The Importance of Validating SSL Certificates
One of the more common but still widely forgotten security issues I see is that of forgetting to validate SSL certificates. I’m not talking about accepting certificate mismatches while browsing a mailing list archive. I’m talking about developers programming https communication.
What all developers need to keep in mind are two things:
1) SSL does very little good unless you are talking to who you think you are talking to.
2) The communication library you are using may not be validating SSL certificates.
Regarding #1: Why does SSL do little good without certificate validation? It’s because having an encrypted conversation with a man-in-the-middle is not the idea. In that case, all you’re protecting against is someone snooping on the wire between you and the attacker you are having the SSL conversation with. In the day of BGP attacks and DNS cache poisoning, which I’m lumping together in the “MITM” category for these purposes, the MITM isn’t necessarily only a powerful entity like a government. These aren’t just theoretical risks.

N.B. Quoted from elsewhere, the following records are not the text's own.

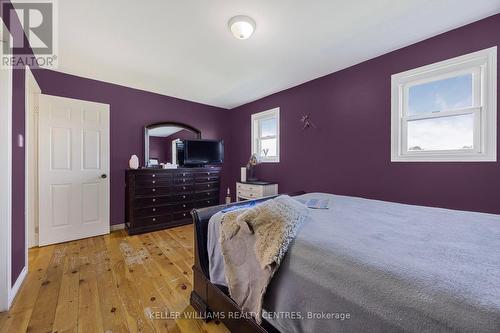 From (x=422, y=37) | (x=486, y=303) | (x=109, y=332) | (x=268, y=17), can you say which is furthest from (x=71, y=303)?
(x=422, y=37)

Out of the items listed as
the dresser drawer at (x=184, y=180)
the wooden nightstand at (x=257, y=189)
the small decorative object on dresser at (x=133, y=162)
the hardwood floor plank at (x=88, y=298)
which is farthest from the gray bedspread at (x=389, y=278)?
the small decorative object on dresser at (x=133, y=162)

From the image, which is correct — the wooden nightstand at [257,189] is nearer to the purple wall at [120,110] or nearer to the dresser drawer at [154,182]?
the dresser drawer at [154,182]

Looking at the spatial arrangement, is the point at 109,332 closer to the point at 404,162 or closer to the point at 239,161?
the point at 404,162

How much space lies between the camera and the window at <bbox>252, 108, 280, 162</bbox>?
3.86 m

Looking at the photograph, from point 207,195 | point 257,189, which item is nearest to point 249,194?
point 257,189

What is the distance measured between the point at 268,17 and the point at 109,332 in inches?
108

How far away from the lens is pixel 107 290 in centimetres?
182

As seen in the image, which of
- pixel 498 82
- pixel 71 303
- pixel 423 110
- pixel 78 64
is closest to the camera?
pixel 71 303

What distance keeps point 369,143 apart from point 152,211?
3.34 meters

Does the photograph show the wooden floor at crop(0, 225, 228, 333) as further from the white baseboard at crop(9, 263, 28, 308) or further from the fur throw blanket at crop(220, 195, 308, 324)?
the fur throw blanket at crop(220, 195, 308, 324)

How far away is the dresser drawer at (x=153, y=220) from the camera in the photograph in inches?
126

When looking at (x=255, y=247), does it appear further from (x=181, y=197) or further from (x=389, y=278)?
(x=181, y=197)

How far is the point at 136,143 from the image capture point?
3.60 m

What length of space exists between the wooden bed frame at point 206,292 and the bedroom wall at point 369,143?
6.50 ft
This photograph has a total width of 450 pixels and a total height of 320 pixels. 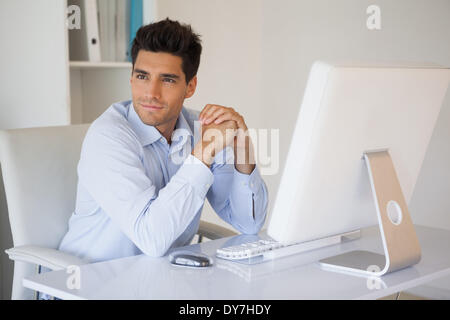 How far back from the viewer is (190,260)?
4.58 feet

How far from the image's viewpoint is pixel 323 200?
1.33 m

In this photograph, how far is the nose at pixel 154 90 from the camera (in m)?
1.80

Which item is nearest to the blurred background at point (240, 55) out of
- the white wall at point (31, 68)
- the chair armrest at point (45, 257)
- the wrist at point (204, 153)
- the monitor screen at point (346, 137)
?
the white wall at point (31, 68)

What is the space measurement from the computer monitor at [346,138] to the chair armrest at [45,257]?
1.81 ft

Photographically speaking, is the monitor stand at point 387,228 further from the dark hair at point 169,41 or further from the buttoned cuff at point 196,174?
the dark hair at point 169,41

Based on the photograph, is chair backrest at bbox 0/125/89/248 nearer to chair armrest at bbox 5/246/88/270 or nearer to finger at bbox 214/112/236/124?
chair armrest at bbox 5/246/88/270

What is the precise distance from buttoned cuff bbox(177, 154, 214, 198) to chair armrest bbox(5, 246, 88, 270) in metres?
0.35

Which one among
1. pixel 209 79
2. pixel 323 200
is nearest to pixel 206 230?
pixel 323 200

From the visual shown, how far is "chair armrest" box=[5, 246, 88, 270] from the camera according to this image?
1552 mm

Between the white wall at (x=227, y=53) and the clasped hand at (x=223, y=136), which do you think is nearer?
the clasped hand at (x=223, y=136)

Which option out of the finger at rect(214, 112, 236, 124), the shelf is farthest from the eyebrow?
the shelf

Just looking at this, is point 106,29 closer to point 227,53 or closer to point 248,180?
point 248,180

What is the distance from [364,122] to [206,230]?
2.87 feet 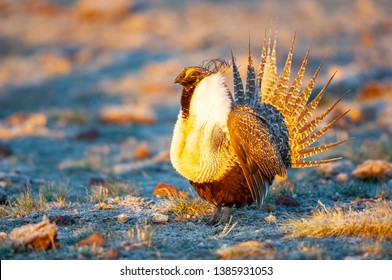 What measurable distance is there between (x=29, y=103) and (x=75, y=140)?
5.04 m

Sometimes developers do this intentionally out of ignorance and convenience, like popular billing systems disabling certificate validation. (Side note: as far as I know, that company didn’t actually respond by making the default secure, instead they just buried a new option where you can enable proper SSL communication. Nice!) Other times, though, it’s not willful stupidity or intentionally putting users at risk, but rather just a lack of understanding of how SSL works and what the dangers are that SSL exists to protect against.

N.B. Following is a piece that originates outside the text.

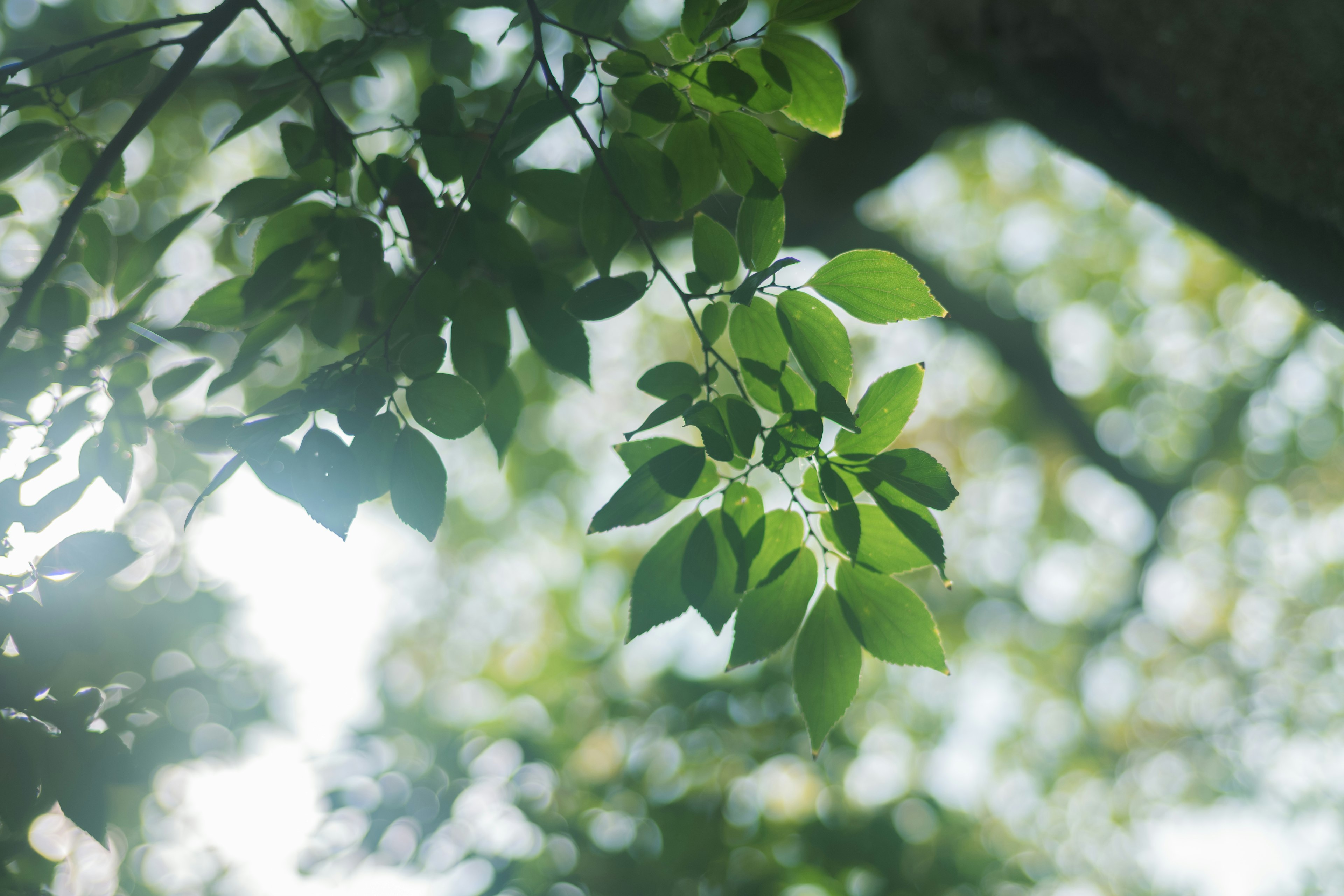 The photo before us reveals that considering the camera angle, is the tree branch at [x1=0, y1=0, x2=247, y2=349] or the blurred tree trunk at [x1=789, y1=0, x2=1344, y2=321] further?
the blurred tree trunk at [x1=789, y1=0, x2=1344, y2=321]

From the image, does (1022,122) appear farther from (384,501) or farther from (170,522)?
(384,501)

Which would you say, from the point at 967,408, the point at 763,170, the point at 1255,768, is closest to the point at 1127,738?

Related to understanding the purpose of SSL are the general arguments for better education about fundamental security topics (in schools, among employees, and by developers on their own), requiring an understanding of security fundamentals when hiring developers, and also recognizing that having security experts on your team is crucial because you can’t expect your developers to all be security experts.
Regarding #2: Often, though, developers are smart people who know the risks as well as the solution. They’re using SSL for the right reasons. It just, unfortunately, happens that they took for granted that other developers understood the same things and those other developers defaulted to correct security. When using a library that handles SSL, informed developers often assume that other informed developers wrote the SSL code. It makes sense. They assume that certificates are being validated by default. They assume that if the library can’t find the OS’s installed root certificates, that every request will fail and the developer using the library will then have to make sure that the code can find the root certificates available on the system. That’s the smart and expected behavior. However, the code we use was not always written this intelligently.

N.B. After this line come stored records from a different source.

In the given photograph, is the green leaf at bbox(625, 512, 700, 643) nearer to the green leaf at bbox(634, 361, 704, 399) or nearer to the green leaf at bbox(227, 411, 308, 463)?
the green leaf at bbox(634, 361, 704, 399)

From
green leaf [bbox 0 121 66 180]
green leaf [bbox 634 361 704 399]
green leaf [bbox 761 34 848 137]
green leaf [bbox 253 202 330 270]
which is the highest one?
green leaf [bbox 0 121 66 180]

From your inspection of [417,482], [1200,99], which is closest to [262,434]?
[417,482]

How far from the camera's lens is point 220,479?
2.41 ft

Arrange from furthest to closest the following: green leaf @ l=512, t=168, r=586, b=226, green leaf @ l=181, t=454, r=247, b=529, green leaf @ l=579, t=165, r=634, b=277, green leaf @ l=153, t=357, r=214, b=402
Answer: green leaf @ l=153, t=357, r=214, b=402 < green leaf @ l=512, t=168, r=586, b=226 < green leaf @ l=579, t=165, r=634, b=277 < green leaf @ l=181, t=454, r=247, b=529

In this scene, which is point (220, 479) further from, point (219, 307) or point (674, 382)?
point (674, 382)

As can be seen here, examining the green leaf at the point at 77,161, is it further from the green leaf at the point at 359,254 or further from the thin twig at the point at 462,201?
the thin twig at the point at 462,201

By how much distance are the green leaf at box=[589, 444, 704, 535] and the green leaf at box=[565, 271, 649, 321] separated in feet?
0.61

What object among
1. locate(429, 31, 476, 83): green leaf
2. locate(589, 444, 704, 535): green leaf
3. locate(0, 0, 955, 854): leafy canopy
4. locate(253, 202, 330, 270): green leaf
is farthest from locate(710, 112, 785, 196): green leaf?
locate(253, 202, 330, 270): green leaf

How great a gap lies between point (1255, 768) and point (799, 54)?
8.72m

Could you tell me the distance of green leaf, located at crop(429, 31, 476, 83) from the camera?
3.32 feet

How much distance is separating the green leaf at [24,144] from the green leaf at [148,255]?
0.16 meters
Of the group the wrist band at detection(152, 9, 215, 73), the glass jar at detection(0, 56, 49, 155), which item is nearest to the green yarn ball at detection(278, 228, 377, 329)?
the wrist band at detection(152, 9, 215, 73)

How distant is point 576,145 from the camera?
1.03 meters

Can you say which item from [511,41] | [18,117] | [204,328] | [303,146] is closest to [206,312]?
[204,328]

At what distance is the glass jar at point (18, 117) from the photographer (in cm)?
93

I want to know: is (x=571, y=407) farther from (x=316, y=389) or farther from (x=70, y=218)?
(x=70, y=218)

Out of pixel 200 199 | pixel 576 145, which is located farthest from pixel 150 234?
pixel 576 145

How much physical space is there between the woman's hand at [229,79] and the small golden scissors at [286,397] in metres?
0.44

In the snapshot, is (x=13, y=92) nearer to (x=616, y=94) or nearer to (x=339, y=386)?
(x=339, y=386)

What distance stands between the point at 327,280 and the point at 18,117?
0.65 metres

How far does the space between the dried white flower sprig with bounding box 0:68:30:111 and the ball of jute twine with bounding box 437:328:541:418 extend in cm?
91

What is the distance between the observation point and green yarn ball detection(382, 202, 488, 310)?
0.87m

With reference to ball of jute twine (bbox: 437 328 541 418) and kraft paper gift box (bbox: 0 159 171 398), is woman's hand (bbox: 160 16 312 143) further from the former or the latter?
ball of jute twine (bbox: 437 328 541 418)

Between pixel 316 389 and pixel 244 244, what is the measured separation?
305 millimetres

An example of this is python’s urllib. Many smart developers have written insecure code because they assumed if you use urllib to make an SSL connection, SSL will be used as it’s supposed to be. Instead, urllib as it was originally written and still currently exist ignores the fact that SSL is used for a handful of important reasons and just ignores security almost completely (and silently). It proceeds to retrieve any https-requested content with almost the same level of security as a plain http connection (because, really, when you are not validating SSL certificates, that’s basically what you have unless your adversary is someone passively listening with wireshark at the same cafĂ© as you).
Many important projects have been bitten by python’s urllib SSL negligence. These includes Red Hat Enterprise’s update system, YUM, and Tor’s in-development updater. Thankfully, urllib will get better but not perfect in python 2.6.
What should you do? First, understand why SSL exists. Second, test any code you write that uses or might use https urls to ensure that that it fails when the SSL certificate isn’t valid.